「10日くらいでできる!プログラミング言語自作入門」の続編#1-1
(1) はじめに
- このテキストは、「10日くらいでできる!プログラミング言語自作入門」(a21_txt01)の続編にあたります。ですからこの続編テキストのスタート地点は772行のHL-9aになります。
- このシリーズでは、言語に新規の命令を追加することは最小限に抑えて、主にJITコンパイラ化や普通のコンパイラとしての改造がメインです。
- 言語に独自の機能を加えていって言語を「進化」させていく話は、「a21_txt03」でやる予定です。そこでは言語がどうすれば便利になるかを考えていきます。
(2) HL-11
- ということで、HL-11について説明したいと思います。HL-1から読んでいる人は、HL-10がないじゃないかと思うでしょう。
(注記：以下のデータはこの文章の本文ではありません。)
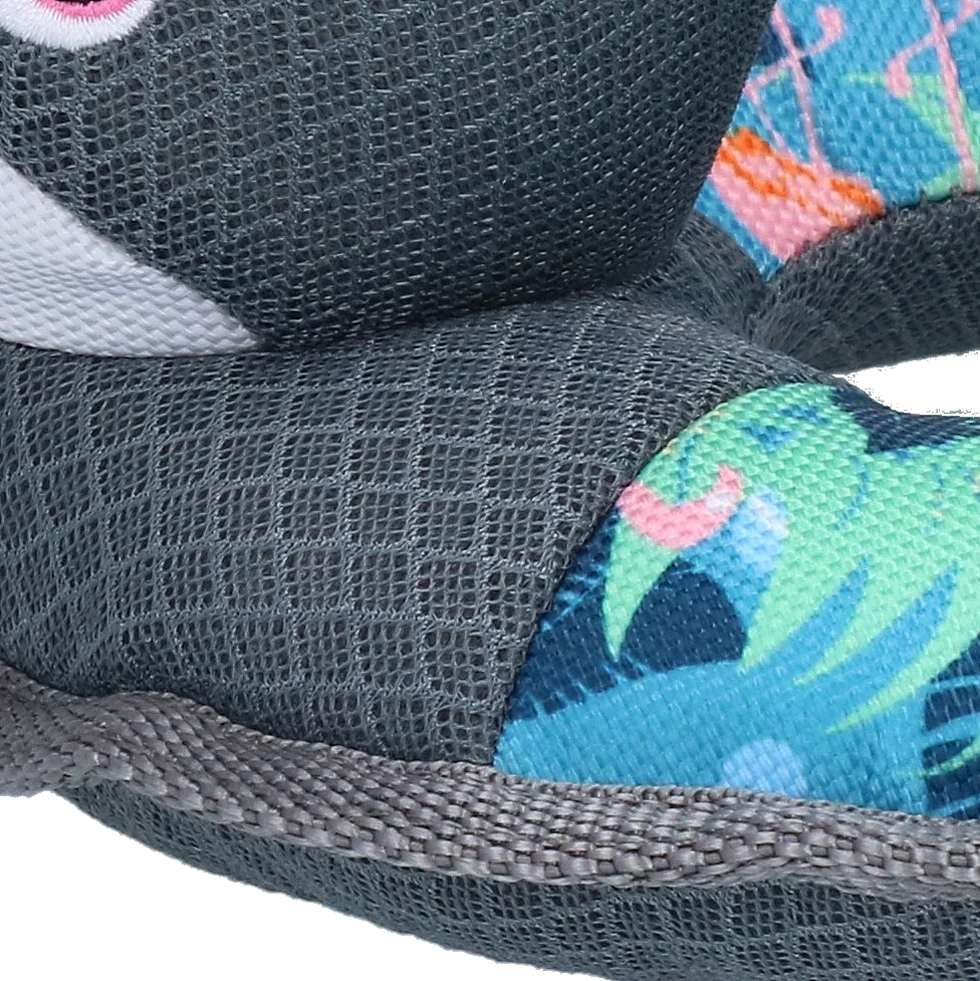 CoolPets Ring O' Sharky (Flamingo) Ring REKIN Water Toy 36cm 4 CoolPets Ring O' Sharky (Flamingo) Ring REKIN Water Toy 36cm – Image 2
この続編では、HL-11~19を使いたいと思っているので、HL-10は欠番にしました。
- HL-11の基本方針はこうです。
- [1]compile()関数では、内部コード出力をやめて、代わりにx86の機械語を出力する。
- [2]exec()関数は不要なので削除。
- [3]機械語を出力するにあたって、putIc()のままでは全然便利ではないので、putIcX86()を新規に作る。
- [4]それにともない、putIc()関数は期待通りには動かなくなるので、これを呼び出したらエラー終了するようにしておく(将来的にはこの関数は削除する)。
- [5]とりあえず、単純代入命令とprint命令だけputIcX86()に対応させる。残りは後回し。
- こうすることで、HL-9aをJITコンパイラ型の言語に改造します。そうすると何がよくなるのかというと、実行速度がうんと速くなるはずなのです。・・・それだけです。
- この改造をすると、言語はCPUに依存するようになります。x86以外ではこのプログラムは動きません。それがデメリットです。・・・またもし自力で改造する場合は、機械語に対する知識も必要になります。今まではC言語で普通に書くだけでうまくできたので、それと比べればハードルは高いです。
- しかしそれでも、やるだけの価値はあります。それほど高速になります。
- 説明が前後していますが「JITコンパイラ」というのは「Just-In-Time コンパイラ」のことで、ソースファイルからコンパイルして実行ファイルを作る普通のコンパイラとは異なり、インタプリタで命令の実行を指示された瞬間に高速にコンパイルして実行するという仕組みのことです。ユーザからはコンパイル動作は全く意識されず、ただの速いスクリプト言語に見えます。